(Stored dataset items)
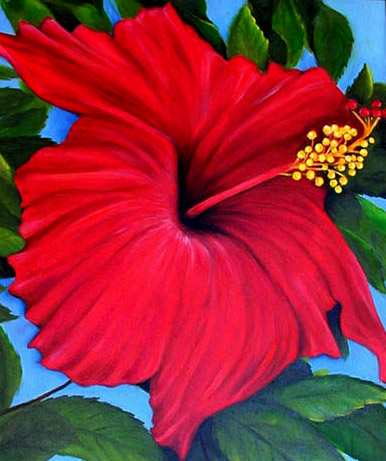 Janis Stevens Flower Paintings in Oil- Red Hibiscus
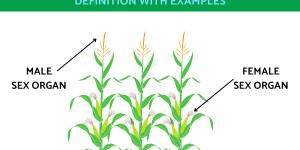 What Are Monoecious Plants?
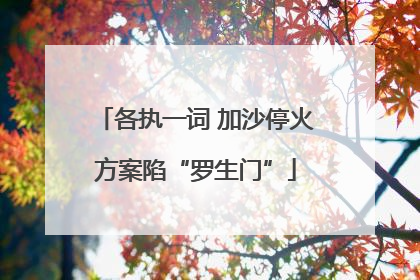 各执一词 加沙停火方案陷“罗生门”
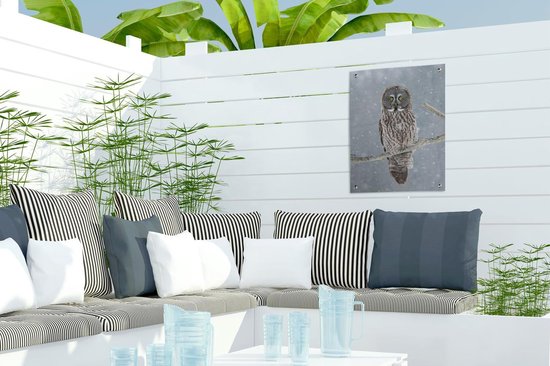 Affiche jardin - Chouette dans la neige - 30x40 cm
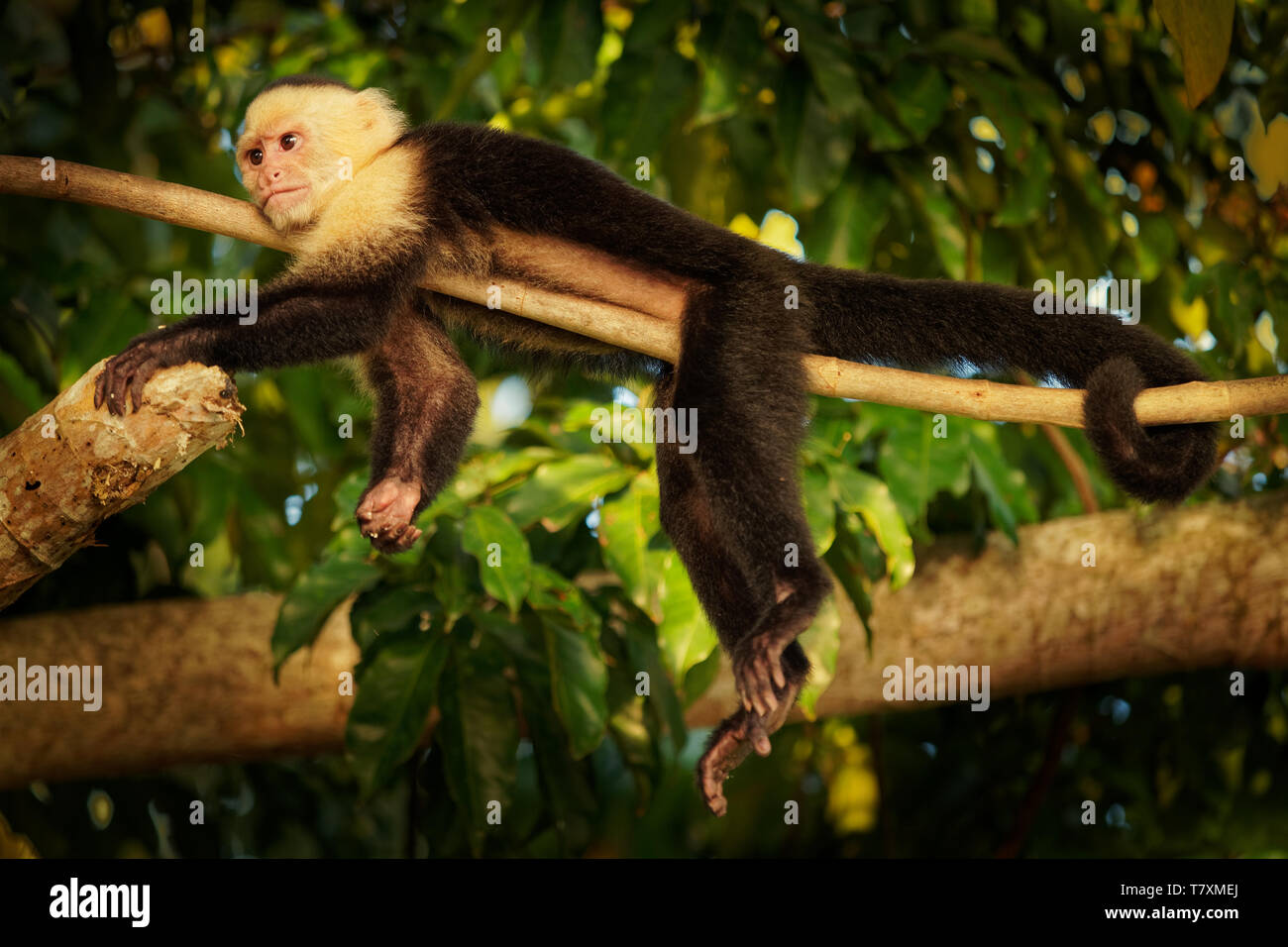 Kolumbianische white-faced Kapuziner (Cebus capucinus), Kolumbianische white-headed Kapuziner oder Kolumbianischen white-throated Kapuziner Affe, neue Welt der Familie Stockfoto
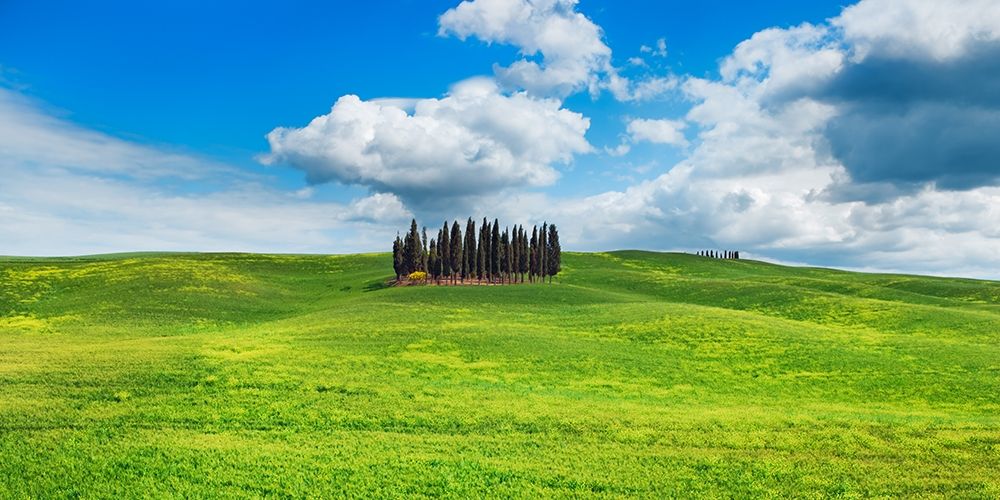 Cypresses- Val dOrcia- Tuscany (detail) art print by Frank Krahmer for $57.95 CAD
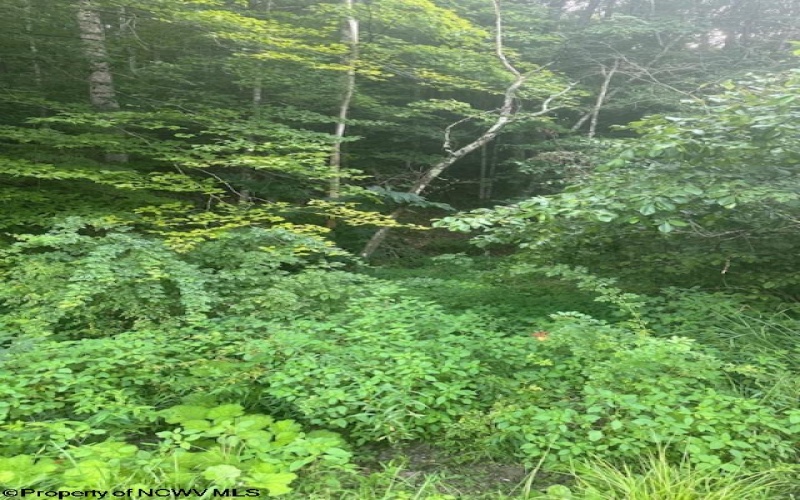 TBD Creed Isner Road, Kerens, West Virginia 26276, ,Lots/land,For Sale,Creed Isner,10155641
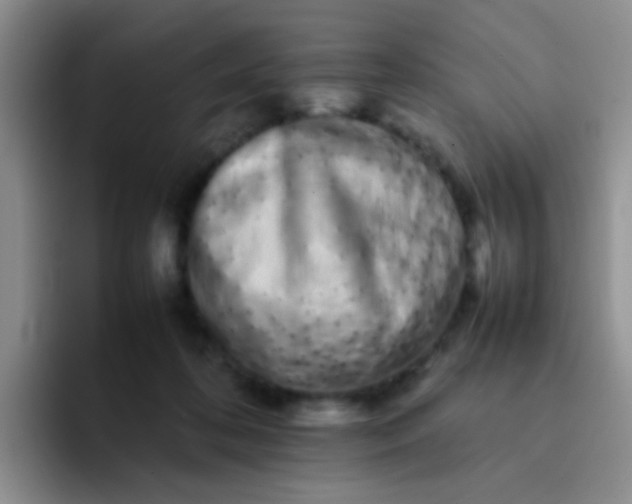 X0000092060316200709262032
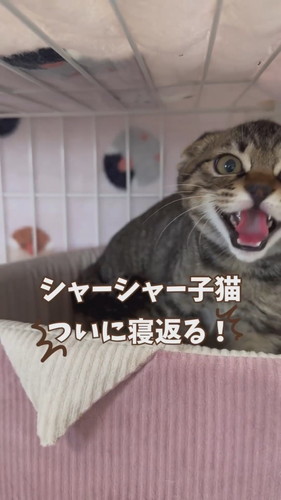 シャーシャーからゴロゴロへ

- _Problem requirements_
Leave out all pictures and retype precisely the lines that run from the line containing "TBD Creed Isner" to the last line of the records.

- _Answer space_
 TBD Creed Isner Road, Kerens, West Virginia 26276, ,Lots/land,For Sale,Creed Isner,10155641
 X0000092060316200709262032
 シャーシャーからゴロゴロへ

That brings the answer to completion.